Ik parkeer de auto in Driebergen, haal mijn fiets eruit, doe mijn schoenen aan, zet mijn helm op, stop een banaan in mijn achterzak, klik op Strava en fiets weg.
Het is nog koud en ik heb mijn beenstukken, overschoenen en armstukken aangedaan, voorbereid op een mogelijk nog doorbrekende zon. Via de Pyramide van Austerlitz fiets ik naar de Doornseberg. Als ik daar omhoog rij, voel ik dat het maar moeizaam gaat. Ik moet vast nog even warm worden, zo spreek ik mezelf moed in.
Maar op de Ruiterberg ben ik ook ooit wel eens harder naar boven gefietst. Het is stil in het bos en ondanks de zorg over mijn slechte benen daalt de rust neer in mijn hoofd. Op de klim van de Hoogstraat word ik voorbij gereden door een slanke man in een felgeel jasje, en even later door een gespierde man in het zwart. Gaan zij zo hard of ga ik zo langzaam?
Dan de Burgemeester van den Boschlaan in Leersum (de Hel van Leersum), 7% omhoog over slecht liggende straatstenen. Stuiterend naar boven, geen kracht in de benen. Dit wordt helemaal niks vandaag.
Ik koers aan op de Amerongseberg, mijn grootste Angstgegner. Inmiddels is de zon doorgebroken en begint het wat warmer te worden. De Amerongsehel is afgesloten voor autoverkeer. Waarom? Geen idee. Maar lekker rustig is het wel. Op een kleine versnelling maal ik naar boven. Ik durf niet op mijn snelheidsmeter te kijken, zo traag gaat het. Onwillekeurig denk ik terug aan de beklimming van de Col de Petit St. Bernard, afgelopen jaar. Ook die ging gemiddeld met 5-6% omhoog. Maar die was 20 keer zo lang. Toen had ik goede benen. Nu niet. Aan het eind van de snelle afdaling moet ik flink in de remmen. Opgebroken weg. Aha, vandaar.

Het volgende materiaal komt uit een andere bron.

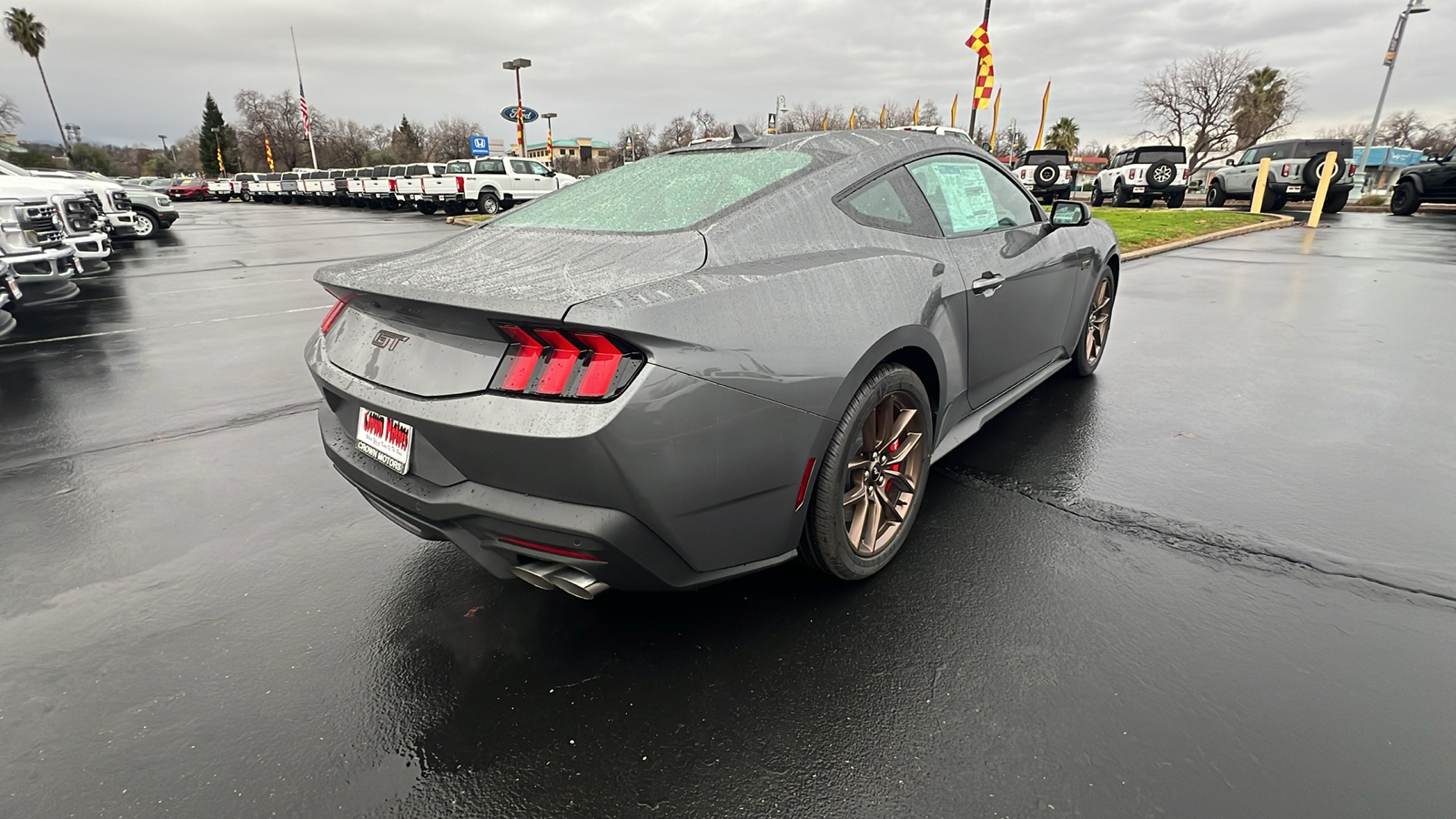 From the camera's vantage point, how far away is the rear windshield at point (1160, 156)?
902 inches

Ik fiets achterlangs Elst naar de Defensieweg. Die gaat redelijk. De fietser die net nog aan de kant van de weg stond komt in mijn wiel hangen. Zijn versnelling kraakt en ratelt. Irritant geluid. Krik-krak-krik-krak. Op het klimmetje van de Autoweg probeer ik hem af te schudden. Dat lukt niet en op het laatste stukje ratelt hij me voorbij. Krik-krak-krik-krak.
Ik kronkel door Rhenen en daal af van de Grebbeberg. Altijd link, over dat smalle fietspad, met die bocht. Beneden sla ik rechtsaf de dijk op en knijp in de remmen. Ik stop even, eet mijn banaan op, kijk uit over het water en stap weer op. Terug.

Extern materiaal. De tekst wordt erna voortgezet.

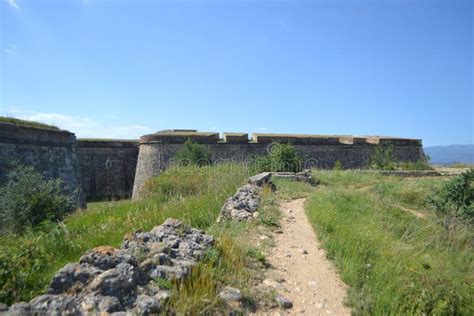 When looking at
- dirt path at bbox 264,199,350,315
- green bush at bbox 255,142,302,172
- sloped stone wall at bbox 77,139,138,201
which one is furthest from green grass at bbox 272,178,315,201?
sloped stone wall at bbox 77,139,138,201

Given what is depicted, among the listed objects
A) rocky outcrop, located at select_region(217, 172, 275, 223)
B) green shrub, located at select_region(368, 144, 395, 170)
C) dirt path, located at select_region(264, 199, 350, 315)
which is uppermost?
green shrub, located at select_region(368, 144, 395, 170)

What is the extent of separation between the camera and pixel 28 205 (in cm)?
707

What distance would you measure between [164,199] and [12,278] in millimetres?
5590

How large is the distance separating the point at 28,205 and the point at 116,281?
229 inches

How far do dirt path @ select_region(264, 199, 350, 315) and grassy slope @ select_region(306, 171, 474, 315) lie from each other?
0.13 meters

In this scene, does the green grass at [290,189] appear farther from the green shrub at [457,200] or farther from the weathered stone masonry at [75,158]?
the weathered stone masonry at [75,158]

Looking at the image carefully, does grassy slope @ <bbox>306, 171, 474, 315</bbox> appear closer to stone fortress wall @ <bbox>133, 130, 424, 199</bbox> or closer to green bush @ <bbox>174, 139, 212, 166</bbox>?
green bush @ <bbox>174, 139, 212, 166</bbox>

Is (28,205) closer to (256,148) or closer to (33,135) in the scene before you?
(33,135)

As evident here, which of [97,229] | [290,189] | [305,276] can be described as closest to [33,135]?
[97,229]

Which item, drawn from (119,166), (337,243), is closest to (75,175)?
(119,166)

Met de Grebbeberg heb ik gek genoeg nooit zo’n moeite. Maar als ik, na me door het drukke Rhenen te hebben gewurmd, rechtsaf sla en over het Paardenveld naar boven fiets geeft de man met de hamer een flinke tik op mijn bovenbenen. De wraak van de Koerheuvel.

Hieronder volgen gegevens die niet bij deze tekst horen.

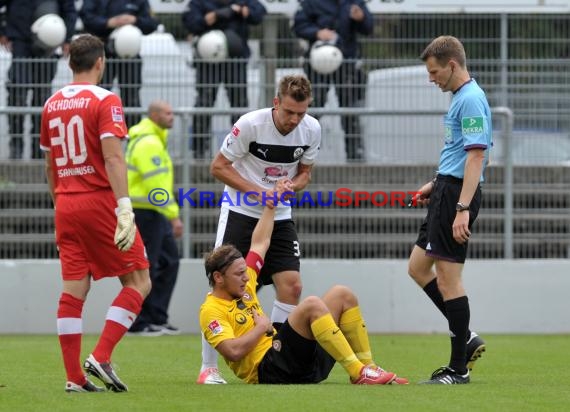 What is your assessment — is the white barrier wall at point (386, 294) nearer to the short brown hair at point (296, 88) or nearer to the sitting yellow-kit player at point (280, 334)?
the short brown hair at point (296, 88)

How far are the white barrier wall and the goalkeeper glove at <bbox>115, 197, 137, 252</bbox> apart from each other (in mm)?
6713

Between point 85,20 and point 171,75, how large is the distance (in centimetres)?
136

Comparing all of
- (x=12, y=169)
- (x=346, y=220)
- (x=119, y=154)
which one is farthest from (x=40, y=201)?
(x=119, y=154)

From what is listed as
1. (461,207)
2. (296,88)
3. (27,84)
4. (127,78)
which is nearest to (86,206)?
(296,88)

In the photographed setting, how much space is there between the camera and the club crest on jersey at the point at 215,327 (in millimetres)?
7992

Via de Defensieweg fiets ik terug, langs Elst, door Amerongen en Leersum. Ik krijg de teller nauwelijks nog boven de 30. Nog twee klimmetjes te gaan: de Hoogstraat en het fietspad langs het Maarnsegat (zandafgraving). Moeizaam.
Als ik bij de auto aankom staan er bijna 85 kilometer op de teller. Gemiddelde volgens Strava: 26,4 km/u. Mijn conclusie (dit is niet best) had ik al op de fiets getrokken.
Als ik ’s avonds thuis aan tafel op de houten bank zit, doen mijn billen pijn en weet ik niet waar ik mijn benen moet laten. Geradbraakt. Ik ben definitief een oude man geworden.